El trayecto fue corto, sin palabras cruzadas entre ellos. Misha necesitaba pensar en los recovecos de su plan si no quería que le explotase en la cara. Además, hoy era un día soleado, y se sentía débil. Estaba empezando a darse cuenta que no eran solo preferencias, ahora él era oscuridad y salir por el día no le estaba reportando nada bueno. A partir de ese momento, todo lo que hiciera debía ser por la noche.

Sharon le dejo frente a la droguería, dónde tenía que hacer el primer recado, comprar un matarratas para el motel, algo qué era de agradecer. Silver se bajó, no sin antes birlarle al viejo de la chica las gafas de sol que se había dejado en el auto, a Sharon no pareció importarle. Antes de marchar, creyó conveniente darle las gracias por evitarle un largo camino andando.

—Gracias por el trayecto. —le dijo, antes de bajarse—. Si alguna vez tu padrastro se pasa de la raya, avísame y le recordaré que no se maltrata a la familia.

—No te preocupes, puedo ocuparme de él –le dijo, quitándole hierro al asunto. Quien nacía rodeada de hierro, acababa considerando una espada un mero juguete, pensó Silver—. ¿Quiere que le espere?

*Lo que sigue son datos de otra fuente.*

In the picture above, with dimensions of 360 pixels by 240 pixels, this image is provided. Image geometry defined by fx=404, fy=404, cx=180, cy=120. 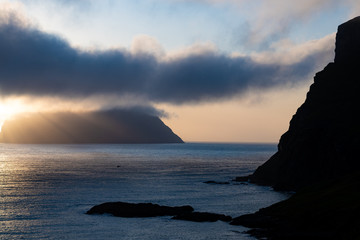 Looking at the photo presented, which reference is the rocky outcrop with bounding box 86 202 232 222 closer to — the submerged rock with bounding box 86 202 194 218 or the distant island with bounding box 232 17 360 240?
the submerged rock with bounding box 86 202 194 218

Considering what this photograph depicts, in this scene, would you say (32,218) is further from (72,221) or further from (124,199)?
(124,199)

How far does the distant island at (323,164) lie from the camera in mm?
64062

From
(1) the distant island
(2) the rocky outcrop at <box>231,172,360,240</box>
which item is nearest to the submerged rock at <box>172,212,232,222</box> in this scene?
(2) the rocky outcrop at <box>231,172,360,240</box>

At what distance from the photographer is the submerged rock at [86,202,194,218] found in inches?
3160

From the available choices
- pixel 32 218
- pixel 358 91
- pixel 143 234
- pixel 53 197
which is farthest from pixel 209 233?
pixel 358 91

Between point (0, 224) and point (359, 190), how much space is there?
6460 cm

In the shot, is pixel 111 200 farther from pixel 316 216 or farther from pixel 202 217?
pixel 316 216

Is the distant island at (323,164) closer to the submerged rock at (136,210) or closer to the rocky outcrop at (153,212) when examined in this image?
the rocky outcrop at (153,212)

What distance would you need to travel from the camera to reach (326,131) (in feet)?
407

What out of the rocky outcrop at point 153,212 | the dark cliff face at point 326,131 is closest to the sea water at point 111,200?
the rocky outcrop at point 153,212

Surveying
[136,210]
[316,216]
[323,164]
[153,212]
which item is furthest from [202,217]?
[323,164]

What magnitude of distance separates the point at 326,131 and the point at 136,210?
6978 cm

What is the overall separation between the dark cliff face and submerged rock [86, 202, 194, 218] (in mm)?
49072

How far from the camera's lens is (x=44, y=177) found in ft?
492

–Oh, no hace falta. Mis asuntos van a llevarme casi todo el día. Además, un colega va a dejarme su coche dentro de nada. Gracias de todos modos, Sharon.

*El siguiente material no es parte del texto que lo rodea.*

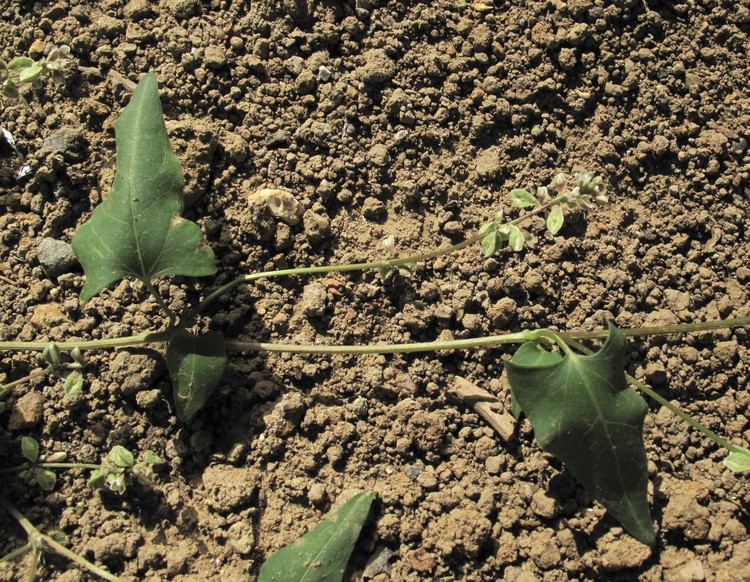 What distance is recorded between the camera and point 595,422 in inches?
91.3

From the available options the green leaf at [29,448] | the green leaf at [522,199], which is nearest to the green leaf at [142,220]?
the green leaf at [29,448]

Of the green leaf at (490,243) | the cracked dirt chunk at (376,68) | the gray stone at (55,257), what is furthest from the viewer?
the cracked dirt chunk at (376,68)

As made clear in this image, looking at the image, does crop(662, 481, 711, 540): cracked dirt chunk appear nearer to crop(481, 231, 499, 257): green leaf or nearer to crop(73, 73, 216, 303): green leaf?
crop(481, 231, 499, 257): green leaf

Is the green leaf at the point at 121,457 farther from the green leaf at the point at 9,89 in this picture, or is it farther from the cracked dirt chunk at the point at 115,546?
the green leaf at the point at 9,89

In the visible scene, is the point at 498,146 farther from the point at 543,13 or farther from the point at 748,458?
the point at 748,458

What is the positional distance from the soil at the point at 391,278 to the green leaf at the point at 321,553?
0.13 m

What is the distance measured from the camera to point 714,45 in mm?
3129

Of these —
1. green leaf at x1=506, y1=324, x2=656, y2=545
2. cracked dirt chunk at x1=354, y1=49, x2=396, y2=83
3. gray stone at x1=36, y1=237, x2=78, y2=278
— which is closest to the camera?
green leaf at x1=506, y1=324, x2=656, y2=545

–Espero volver a verte, Misha Silver. No eres cómo los tipos que suelo conocer.

Y dicho esto, se metió en la tienda. Silver así lo había preferido, sería mejor para ella no saber cuáles eran las intenciones del hombre con el que había compartido vehículo.

 

Lo bueno de este primer jinete era que no necesitaba indagar nada sobre él, lo sabía todo, donde vivía, que lo hacía solo, sus costumbres... tenía lo suficiente y más para hacer pagar a ese hijo de perra. Pero el camino completo iba a ser largo y necesitaba dinero, un coche no le vendría mal, y sabía cómo obtener al menos uno de sus objetivos. En tres pasos pudo ver el bar checheno que le interesaba. Todo hombre del Este sabía que en ese lugar se cocían asuntos turbios, más él como abogado, aunque jamás tuvo el calibre como para culpar o defender a alguno de esos hombres. Sus nuevos poderes sombríos no estaban al cien por cien, no le hacía falta.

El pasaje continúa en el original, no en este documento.